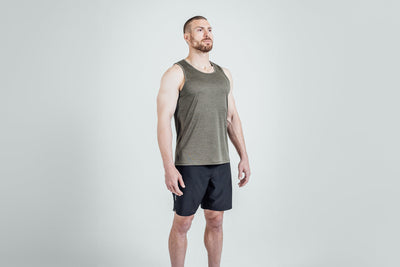 Athlete wearing Heather Olive Sigmatech Tank Top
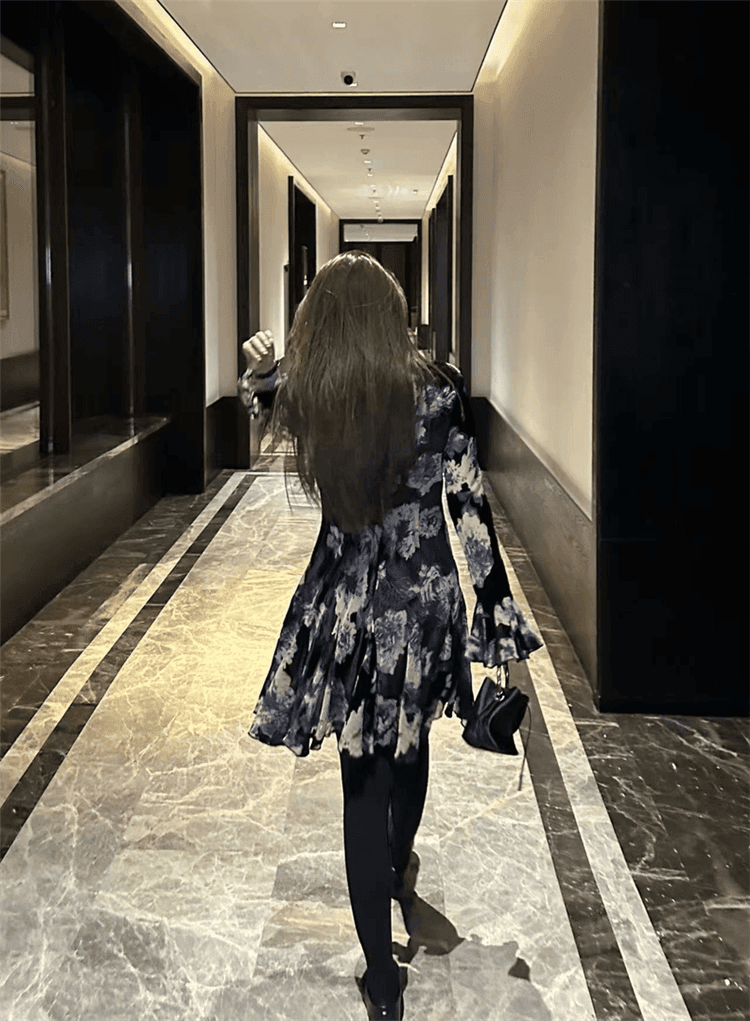 레트로 고급 센스 헤일로 염색 자카드 드레스 상세 이미지 3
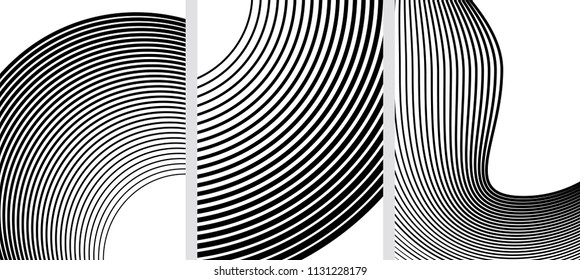 Set Design elements. Curved many streak. Abstract Circular logo element on white background isolated. Creative band art. Vector illustration EPS 10. digital for promotion new product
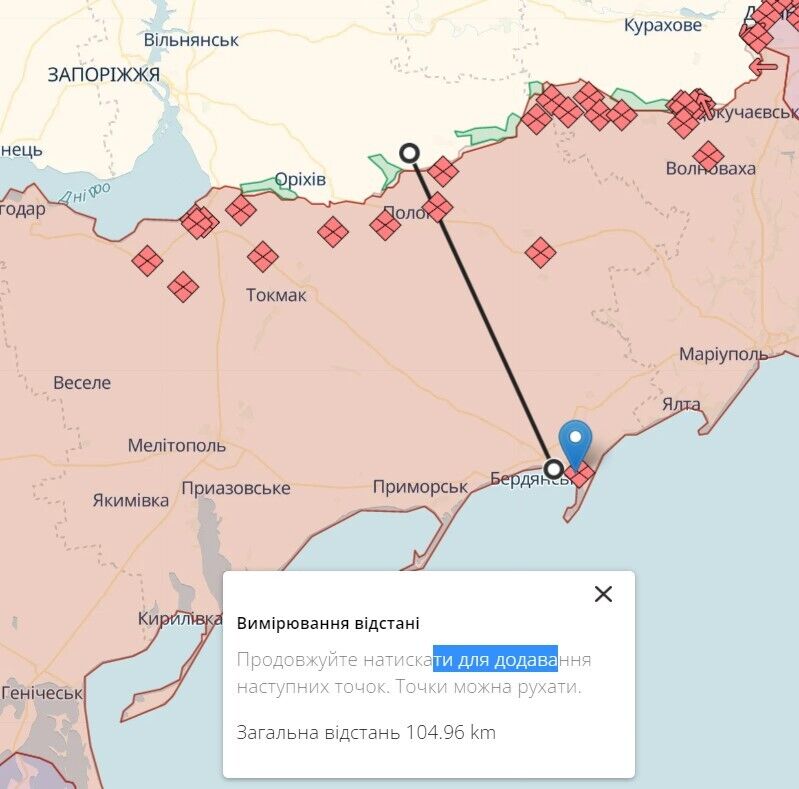 Відстань від Бердянська до можливих позицій ЗСУ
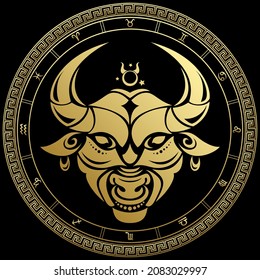 Taurus. Zodiac Schild. Horoskop. Goldener Kreis auf schwarzem Hintergrund.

-------------------------

* _ABOUT THIS EXERCISE_:
For the entries above, the output must hold exactly the lines from the one with "레트로 고급 센스 헤일로 염색 자카드 드레스 상세 이미지 3" through the last line, both included, and no pictures.

* _ANSWER BOX_:
 레트로 고급 센스 헤일로 염색 자카드 드레스 상세 이미지 3
 Set Design elements. Curved many streak. Abstract Circular logo element on white background isolated. Creative band art. Vector illustration EPS 10. digital for promotion new product
 Відстань від Бердянська до можливих позицій ЗСУ
 Taurus. Zodiac Schild. Horoskop. Goldener Kreis auf schwarzem Hintergrund.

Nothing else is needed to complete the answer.